___ Source data ___
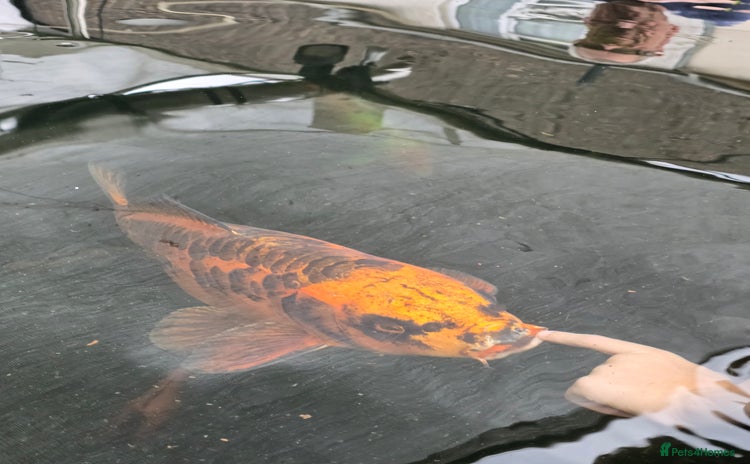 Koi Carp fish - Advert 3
___
___ Source data ___
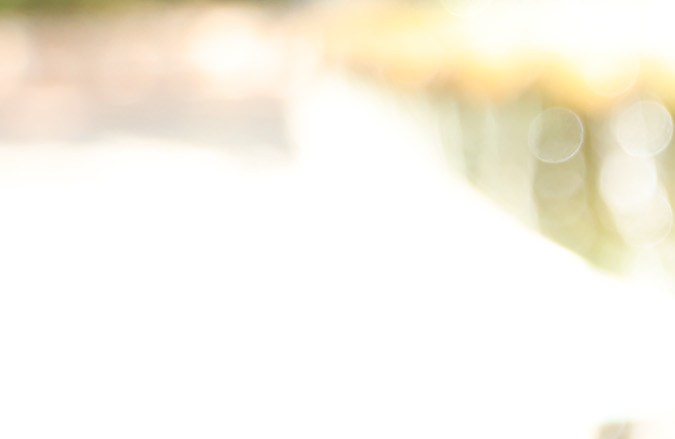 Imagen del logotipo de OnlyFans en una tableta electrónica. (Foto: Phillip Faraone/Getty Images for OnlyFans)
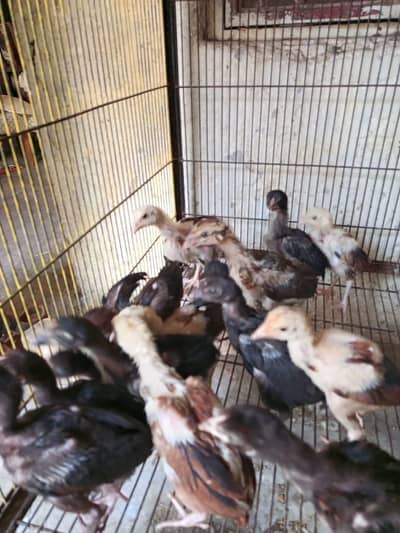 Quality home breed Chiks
___
___ Source data ___
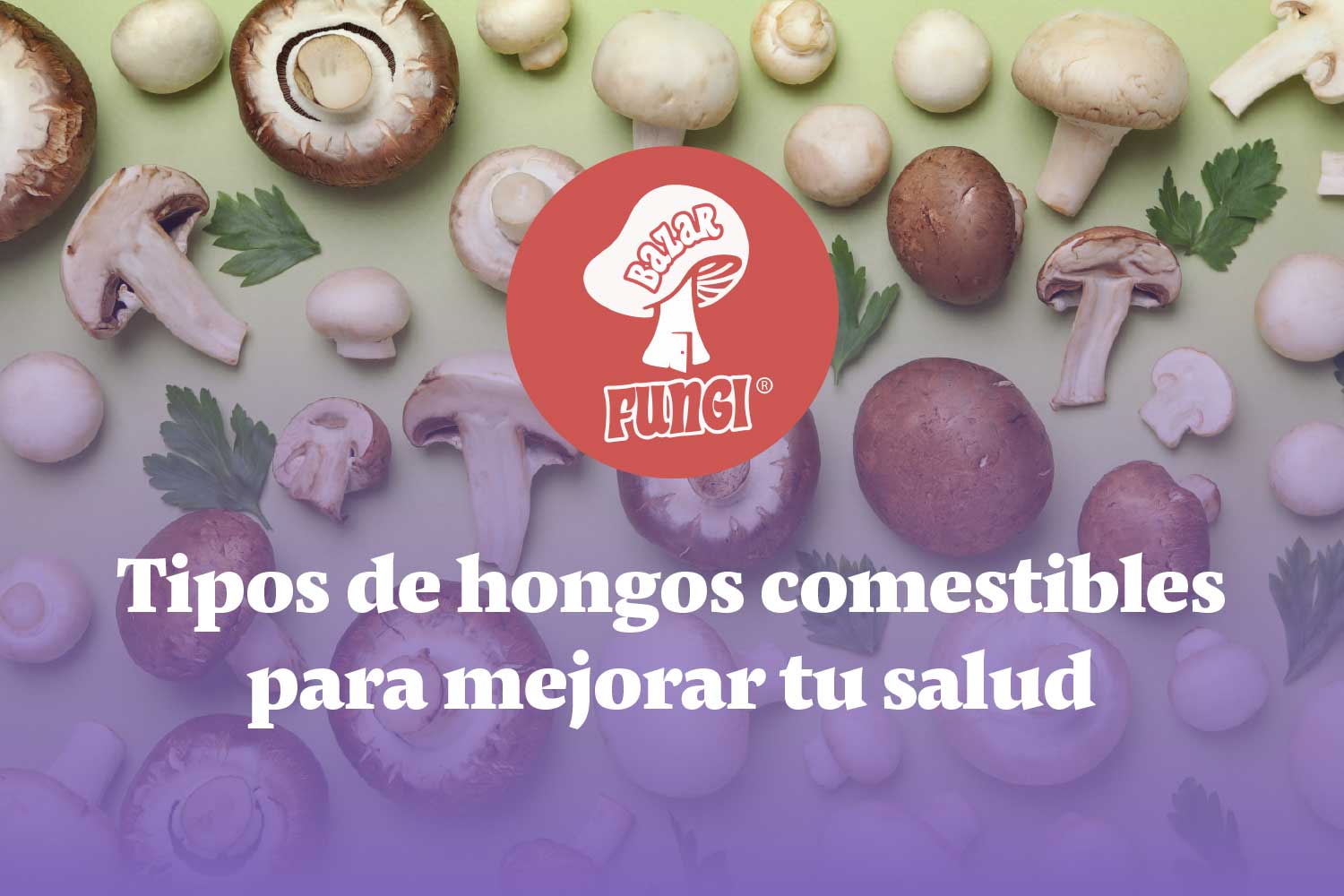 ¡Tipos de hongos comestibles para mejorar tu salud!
___
= What to do =
Produce an exact reproduction of the listing above, limited to the lines starting at the line with "Imagen del logotipo" and ending at the line with "Quality home breed Chiks", both kept, with every picture left out.

= Solution to the problem =
 Imagen del logotipo de OnlyFans en una tableta electrónica. (Foto: Phillip Faraone/Getty Images for OnlyFans)
 Quality home breed Chiks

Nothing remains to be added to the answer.